▸ **Your instructions**: Your output should consist solely of the lines from the one holding "ICOM NEXT Network Cable 10M" to the end of the records below, inclusive, reproduced exactly and free of pictures.

** Task inputs follows **

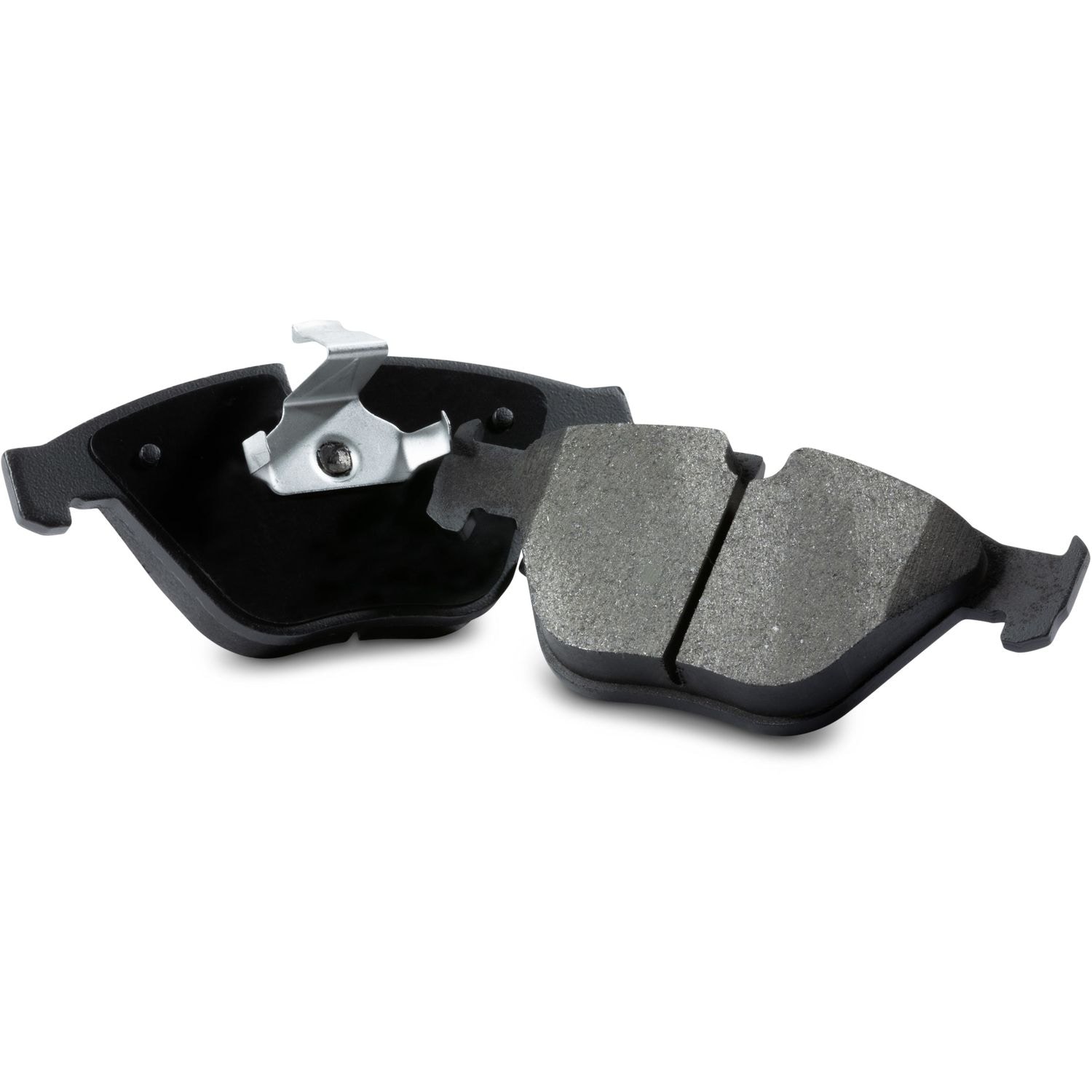 KEMA8284 2017-2026 Chrysler Windshield Washer Nozzle 68229316AA | Mopar
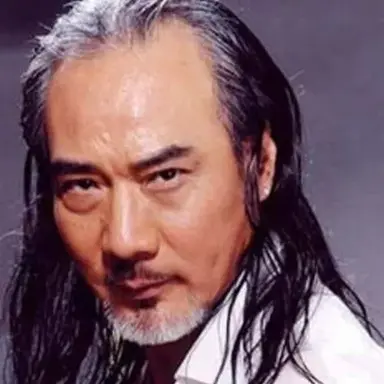 Norman Tsui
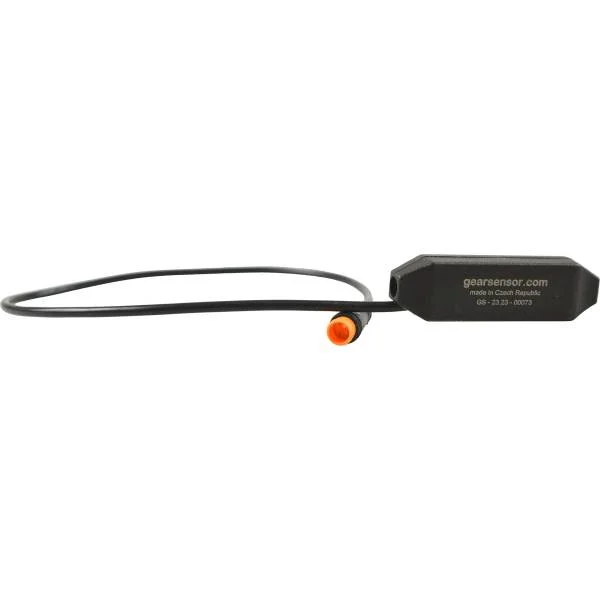 hollandbikeshop-220261022205617434092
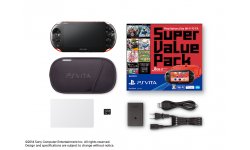 PSVita Super Value Pack Japon 03.05.2014 (4)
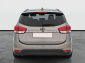 Kia Carens, 2015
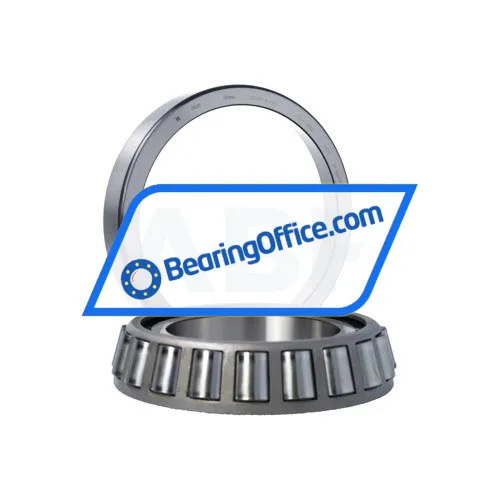 FAG 30224-XL-P5 bearing image 3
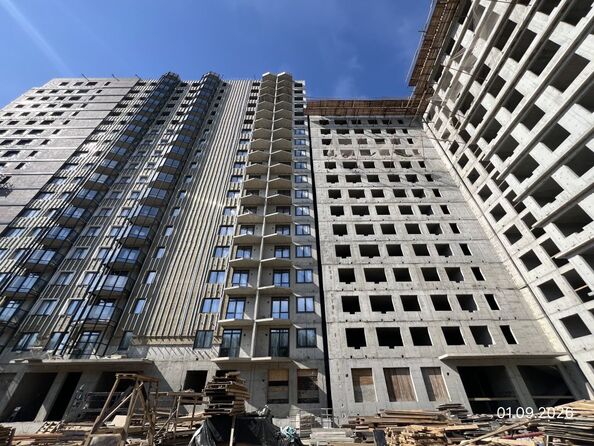 7 сентября 2026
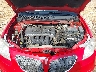 5Y2SL63855Z****** Repairable 2005 Pontiac Vibe in Gulf Coast
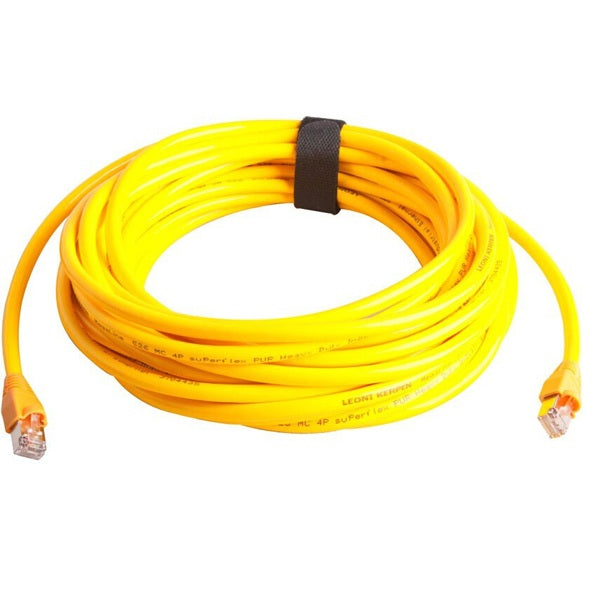 ICOM NEXT Network Cable 10M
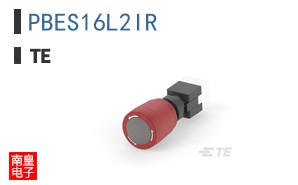 PBES16L2IR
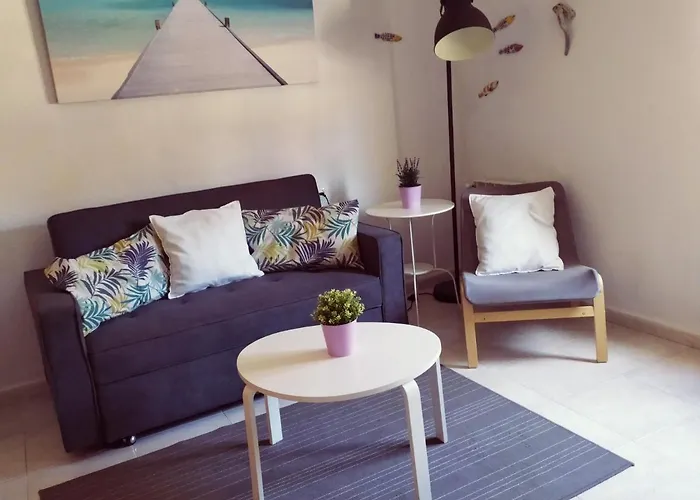 La Machacona Plaza Mayor Caces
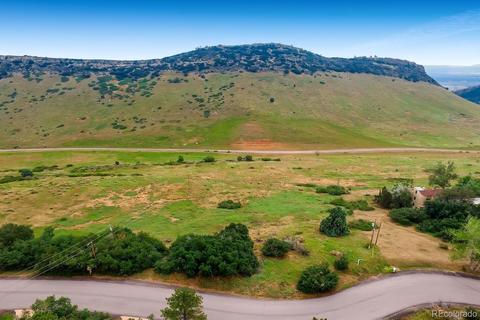 6160 Crestbrook Dr, Morrison, CO 80465 photo 2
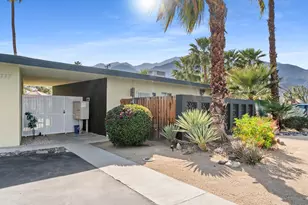 1777 Arenas Rd, Palm Springs, CA 92262 - Photo 44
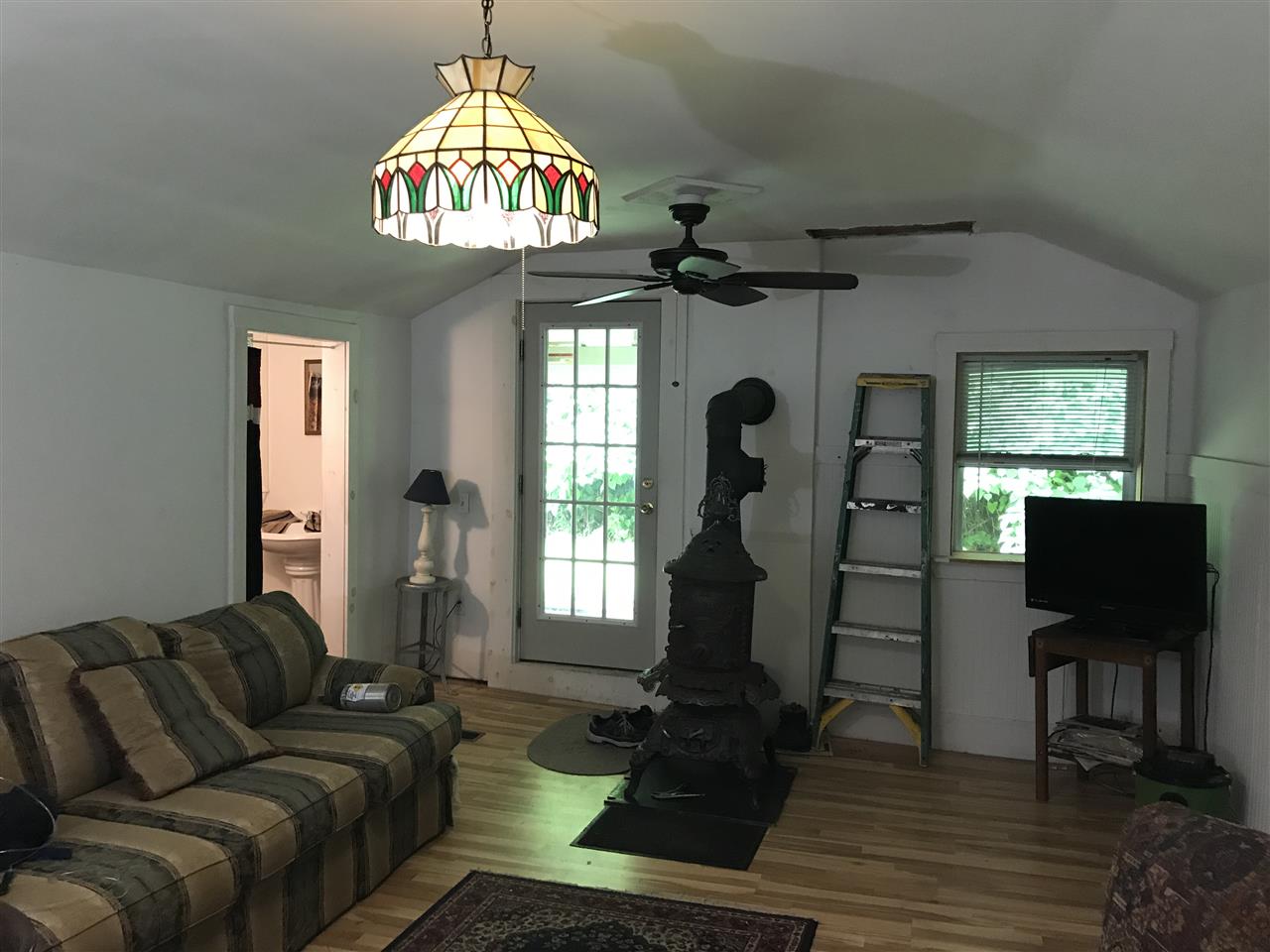 8 Darby Hill Road Rockingham, VT 05101 - Photo 20 of 36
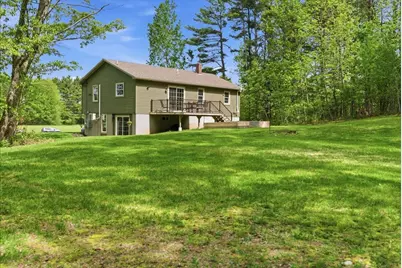 400 Indiana Road, West Gardiner, ME 04345 - Photo 66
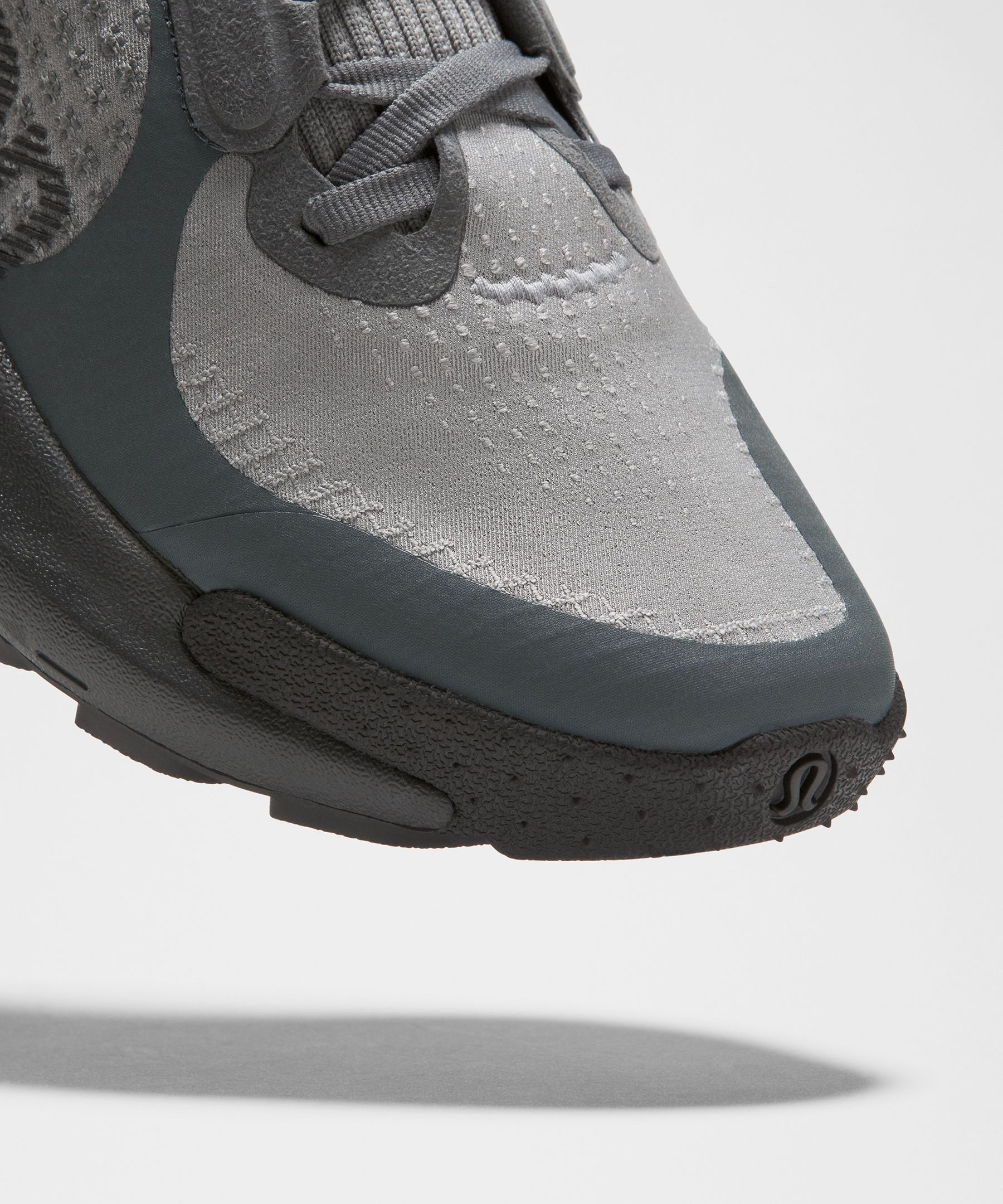 Men's Wildfeel Trail Running Shoe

** End of Task inputs **

▸ **Result of the task**:
 ICOM NEXT Network Cable 10M
 PBES16L2IR
 La Machacona Plaza Mayor Caces
 6160 Crestbrook Dr, Morrison, CO 80465 photo 2
 1777 Arenas Rd, Palm Springs, CA 92262 - Photo 44
 8 Darby Hill Road Rockingham, VT 05101 - Photo 20 of 36
 400 Indiana Road, West Gardiner, ME 04345 - Photo 66
 Men's Wildfeel Trail Running Shoe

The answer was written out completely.